Aleksandr Danilovič Grinberg (1885-1979) – il fotografo condannato a cinque anni di lager per pornografia

agosto 27, 2011 § Lascia un commento

Questa è la storia di un fotografo. Una storia del corpo, dell’immagine del corpo. La rappresentazione del corpo.

L’immagine che diventa rappresentazione di un popolo, propaganda, motore e specchio distorto di un regime che fa di ogni linguaggio un’arma. Era Stalin. Era Mussolini. Era Hitler. Era Oggi.

Dentro la grande storia, nel mosaico di piccoli uomini che si cagano addosso se la diarrea li attacca, nel compendio che ogni essere umano impara presto ad usare, ogni piccola storia ha valore, qualsiasi storia ce l’ha. Oggi come ieri. Come l’altro ieri.

A volte queste storie emergono perché un uomo ha deciso di contrarre i suoi archetipi e di infilarli in un mito. Ciò che succede, in questi casi, può essere chiamato μυθοποίησις, che significa “creazione del mito”.

La mitopoiesi non passa soltanto attraverso la letteratura. Roussel, Tolkien, Pavese, Lovecraft, C. S. Lewis, certo. Ma l’immagine, quella che noi vediamo riprodotta in milioni di miliardi di esemplari, quella che ha superato la linea di confine tra ciò che è visibile e ciò che è rappresentabile, l’immagine è come una rivelazione mitopoietica che si dipana, si rigenera, si sfilaccia nei labirinti sconosciuti della memoria. Dalla rappresentazione che un bambino fa di se stesso, a sei anni, su un foglio di carta su un banco  di scuola con i piedi attorcigliati intorno alle gambe della sedia, che è fatta di una linea che è tagliata da altre linee che sono più corte e che producono l’effetto di una rappresentazione di un uomo fiammifero, di uno spaventapasseri appuntito; da quella rappresentazione che il bambino fa di se stesso (se il bambino disegna peggio degli altri ciò che segue non accadrà mai) si genera una nuova rappresentazione, che come in un cartone animato, se vista alla velocità x16, produce la cognizione del cambiamento, di una nuova identità estetica che modifica quelle precedenti. Questo succede in genere ai bambini. Io non sapevo disegnare.

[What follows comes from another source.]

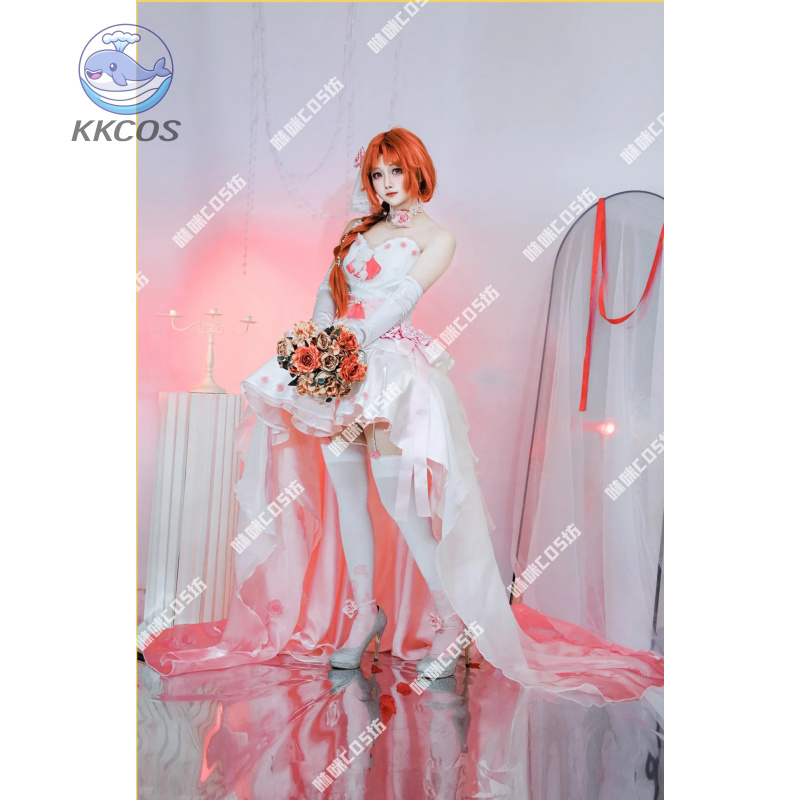 Kostum Cosplay Sword Art Onlin - Party Games Online ulasan dan harga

La fotografia è seduttiva.

La fotografia è mitopoietica.

La fotografia è una storia moltiplicata per altre storie divisa per uno.

Quello che mi diverte di più della fotografia è che la diamo per scontata. Mi diverte molto. Mi diverte così tanto che mi inquieta.

C’era una storia da raccontare. La racconterò.

Il fotografo, l’autore di questo scatto, si chiama Aleksandr e viene dalla Russia. Durante la prima guerra mondiale viene fatto prigioniero dai tedeschi. Si fa un po’ di prigione, che non è una cosa buona, ma è riposante rispetto alla trincea. Durante la prigionia non sa cosa fare. Così, un giorno, per caso, scopre che in carcere con lui c’è un tizio che ha dei documenti in tedesco sull’uso della chimica in fotografia. Decide di tradurli. Lo fa. Quando torna a casa riprende i suoi appunti, e li applica. La sua fotografia cambia rapidamente.

Diventa celebre per gli scatti dei corpi nudi, atletici, tonici, marziali degli uomini e delle donne del regime stalinista. Ma Aleksandr va oltre il messaggio propagandistico, cerca le radici, gli interni dei corpi che ritrae. I nudi, i suoi nudi, diventano sempre più veri. Il corpo così com’è. Senza chiedere pose alla modella, o al modello. Lavora così sul corpo che si muove. Che si flette. Sul corpo che digerisce. Sul corpo che non interessa al regime. Che non dice che il regime è sano. Ma dice solo la sua storia, la sua impronta nella storia. Per questo viene accusato di pornografia, e per questo finisce in un lager, per 5 anni. Succede nel 1936.

Quando esce dal lager la vita è raminga. C’è poco lavoro. Tranne i ritratti. I ritratti salvano i pittori e i fotografi. Così inizia a lavorare ai ritratti su commissione. E poi muore. Nel 1979.